Bunk beds, shaved heads, Saturday night,
A warehouse of strangers with sixty watt lights.
Staring through the ceiling, just wanting to be
Lay one of too many, a young PFC: Donald

There were spaces between Donald and whatever he said

Strangers had forced him to live in his head
He envisioned the details of romantic scenes
After midnight in the stillness of the barracks latrine.

Two short verses, and you have an indictment of the war machine that endlessly and greedily devoured young men; a compelling snapshot of the isolation and displacement of a fairly new recruit (he doesn't say soldier, he says "PFC," emphasizing that Donald is a junior enlisted, most likely drafted); and a deft characterization of a lonely dreamer who was never cut out for Army life in the first place. It's incredibly masterful.

Then the chorus of "Your Flag Decal Won't Get You into HeavenAnymore," with its barbed commentary on brainless knee-jerk jingoism:


But your flag decal won't get you
Into Heaven any more.
They're already overcrowded
From your dirty little war.
Now Jesus don't like killin'
No matter what the reason's for,
And your flag decal won't get you
Into Heaven any more. 

Then, in its entirety, "Sam Stone," which I've been listening to for a good 15 years, and which still gives me chills every time: the anger, the compassion, the grief for all those pointlessly ruined lives, that went into these words.
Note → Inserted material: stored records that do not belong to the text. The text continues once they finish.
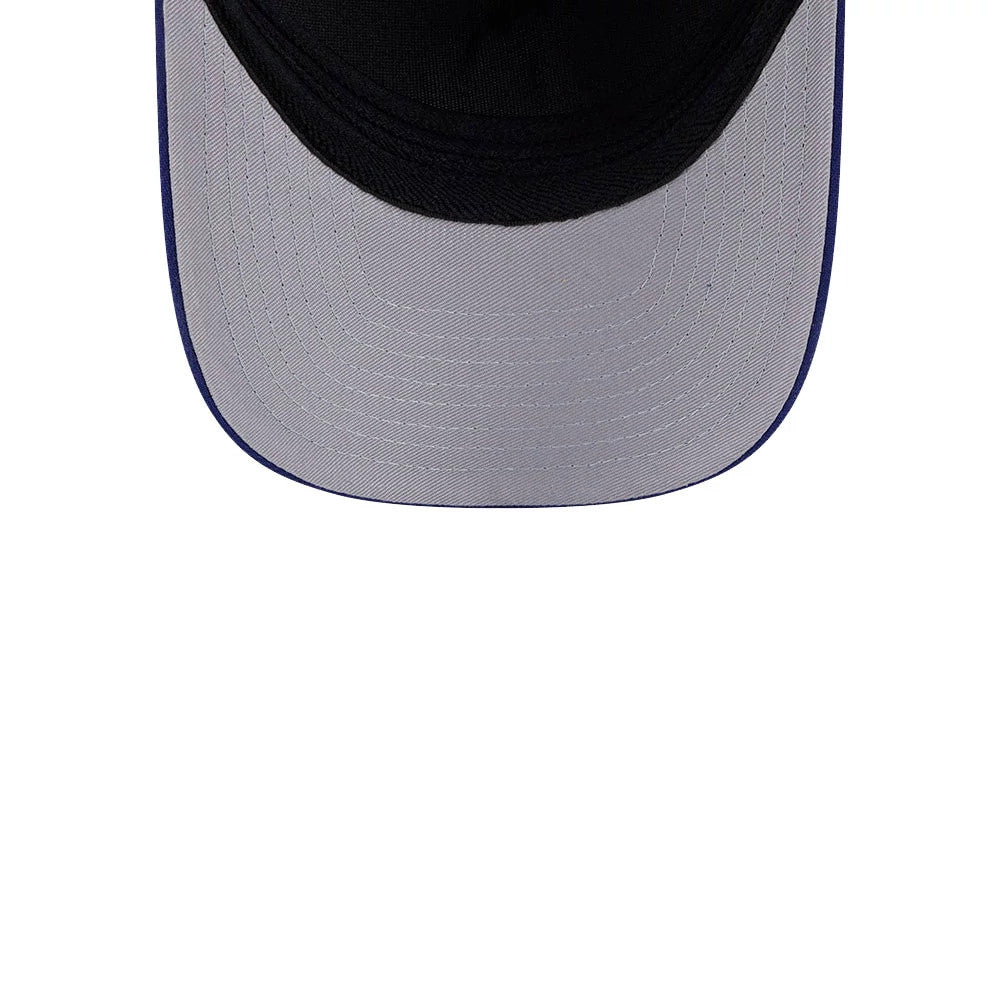 LA Dodgers MLB Dark Blue New Era 39THIRTY M-Crown A-Frame Stretch Fit Cap, inside view showing a light grey undervisor with dark blue trim, highlighting the stitching pattern on the structured visor.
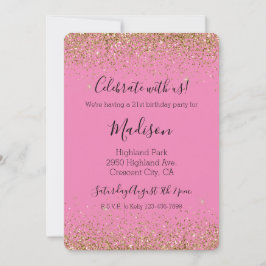 Pink Gold Glam Glitzy Sparkle Glitzer Einladung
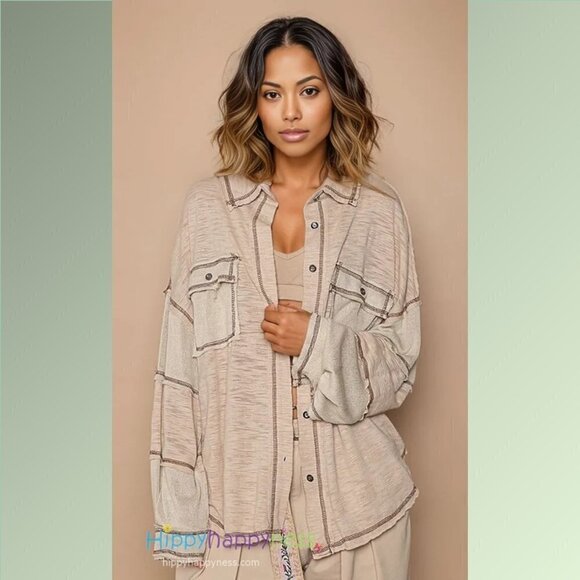 POL Tops - POL Clothing Button Down Shirt Layering Beige Lightweight Slub Fabric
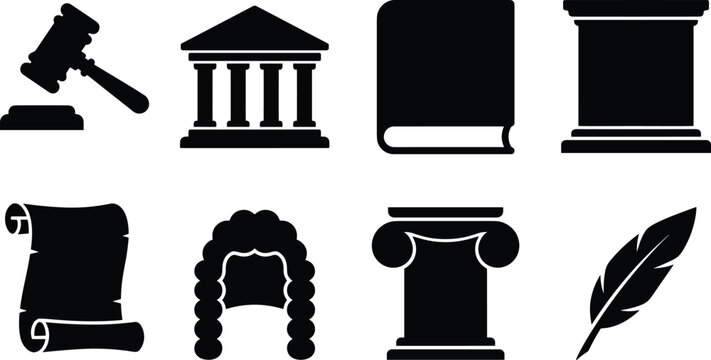 Legal court and justice system vector silhouette icon set for law firm graphic designs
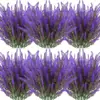 Flor Artificial Amazon Cross-Border Flor de Lavanda com 5 Pétalas Exterior Anti-UV Planta de Plástico Imitação Flor Falsa Flor Seca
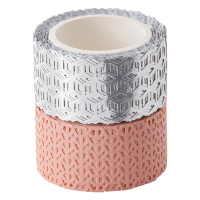 Folia washi tape roze/zilver (2 stuks) 29202 222245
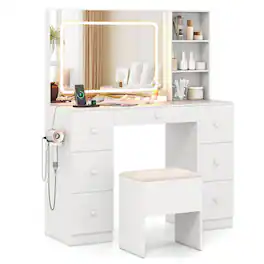 Costway - Vanity Desk with Mirror & Lights Makeup Table with Power Outlets & 7 Drawers - White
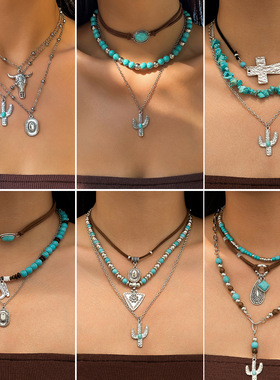 欧美跨境饰品复古仿松石锁骨链小众串珠项链套装民族风仙人掌项饰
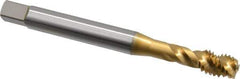 OSG - 3/8-16 UNC 3 Flute 2B Modified Bottoming Spiral Flute Tap - Vanadium High Speed Steel, TiN Finish, 100mm OAL, Right Hand Flute, Right Hand Thread - Eagle Tool & Supply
Sam Stone came home to his wife and family
After serving in the conflict overseas
And the time that he served had shattered all his nerves
And left a little shrapnel in his knee
But the morphine eased the pain
And the grass grew round his brain
And gave him all the confidence he lacked
With a purple heart and a monkey on his back

There's a hole in daddy's arm where all the money goes
Jesus Christ died for nothin' I suppose
Little pitchers have big ears, don't stop to count the years
Sweet songs never last too long on broken radios

Sam Stone's welcome home didn't last too long
He went to work when he'd spent his last dime
And Sammy took to stealing when he got that empty feeling
For a hundred dollar habit without overtime
And the gold rolled through his veins
Like a thousand railroad trains
And eased his mind in the hours that he chose
While the kids ran around wearin' other peoples' clothes

-chorus-

Sam Stone was alone when he popped his last balloon
Climbing walls while sitting in a chair
Well, he played his last request while the room smelled just like death
With an overdose hovering in the air
But life had lost its fun
And there was nothing to be done
But trade his house that he bought on the G. I. Bill
For a flag draped casket on a local heroes' hill

-chorus-

It's simply one of the best-written songs I've ever heard. Every line is spare, restrained, with a handful of evocative words. But it's the last two lines of the last verse that are the most powerful for me: the deliberate pairing of the G.I. Bill, with its promise of prosperity and stability for veterans, against the image of the flag-draped casket. The brutal bait-and-switch of military life for so many young men of that era. Prine is a master. I've loved him since I was a teenager but now, as I refine my own writing skill, his work is relevant for me in a whole new way--and I'm looking forward to listening again, from that perspective.